Task. How many separate lines of the data contain "blue"? Give the count and nothing else.

Records shown.
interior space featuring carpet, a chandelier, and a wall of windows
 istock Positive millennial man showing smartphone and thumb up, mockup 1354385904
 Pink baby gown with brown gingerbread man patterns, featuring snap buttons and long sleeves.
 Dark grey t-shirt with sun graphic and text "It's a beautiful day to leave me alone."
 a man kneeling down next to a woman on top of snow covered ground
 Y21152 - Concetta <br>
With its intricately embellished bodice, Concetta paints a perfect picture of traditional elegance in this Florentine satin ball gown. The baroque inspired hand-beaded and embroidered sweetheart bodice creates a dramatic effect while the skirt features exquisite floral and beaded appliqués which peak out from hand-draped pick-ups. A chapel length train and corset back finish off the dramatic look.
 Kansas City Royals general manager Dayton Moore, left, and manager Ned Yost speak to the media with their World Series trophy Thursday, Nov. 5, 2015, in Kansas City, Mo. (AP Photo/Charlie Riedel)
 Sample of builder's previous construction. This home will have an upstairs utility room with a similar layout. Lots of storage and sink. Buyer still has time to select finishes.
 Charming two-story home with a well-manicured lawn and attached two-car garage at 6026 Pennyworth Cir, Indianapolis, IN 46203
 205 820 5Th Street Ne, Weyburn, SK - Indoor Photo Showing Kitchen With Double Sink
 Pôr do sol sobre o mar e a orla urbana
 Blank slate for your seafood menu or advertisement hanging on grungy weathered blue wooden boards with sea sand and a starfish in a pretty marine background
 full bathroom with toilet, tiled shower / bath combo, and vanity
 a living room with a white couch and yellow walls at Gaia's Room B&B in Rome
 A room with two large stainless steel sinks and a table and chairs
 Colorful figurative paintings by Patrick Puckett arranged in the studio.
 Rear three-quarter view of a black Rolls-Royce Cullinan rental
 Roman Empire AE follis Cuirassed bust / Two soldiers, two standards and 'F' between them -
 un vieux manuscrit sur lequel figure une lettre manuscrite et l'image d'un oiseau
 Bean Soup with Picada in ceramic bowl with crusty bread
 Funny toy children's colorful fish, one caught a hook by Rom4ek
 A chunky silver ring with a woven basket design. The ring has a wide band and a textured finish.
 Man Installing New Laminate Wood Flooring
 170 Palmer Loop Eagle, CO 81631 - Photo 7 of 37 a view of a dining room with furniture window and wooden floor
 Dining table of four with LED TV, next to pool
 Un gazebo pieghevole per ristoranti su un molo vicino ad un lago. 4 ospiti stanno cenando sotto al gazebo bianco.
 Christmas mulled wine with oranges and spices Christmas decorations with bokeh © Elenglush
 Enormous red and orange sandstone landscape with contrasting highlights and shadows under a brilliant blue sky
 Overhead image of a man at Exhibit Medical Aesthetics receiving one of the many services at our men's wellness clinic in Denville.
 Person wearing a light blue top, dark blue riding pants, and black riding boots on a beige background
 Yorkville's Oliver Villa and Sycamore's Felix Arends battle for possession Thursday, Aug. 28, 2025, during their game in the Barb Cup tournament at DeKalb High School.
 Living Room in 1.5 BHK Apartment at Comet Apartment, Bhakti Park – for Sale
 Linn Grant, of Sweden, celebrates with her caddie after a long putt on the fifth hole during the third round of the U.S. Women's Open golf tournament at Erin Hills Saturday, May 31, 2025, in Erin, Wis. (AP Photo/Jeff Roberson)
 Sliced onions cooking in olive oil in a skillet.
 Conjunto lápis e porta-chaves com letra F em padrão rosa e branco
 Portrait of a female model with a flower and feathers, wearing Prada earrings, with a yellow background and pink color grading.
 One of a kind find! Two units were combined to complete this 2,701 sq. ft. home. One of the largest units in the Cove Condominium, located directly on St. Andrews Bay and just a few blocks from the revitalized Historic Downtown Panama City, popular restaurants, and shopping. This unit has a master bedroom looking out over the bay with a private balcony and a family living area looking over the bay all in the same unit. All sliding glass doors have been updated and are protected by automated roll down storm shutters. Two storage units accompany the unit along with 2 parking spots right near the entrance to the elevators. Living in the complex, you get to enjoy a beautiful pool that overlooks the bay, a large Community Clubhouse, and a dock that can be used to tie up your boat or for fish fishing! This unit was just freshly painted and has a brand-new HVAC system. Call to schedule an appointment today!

Task solution. 3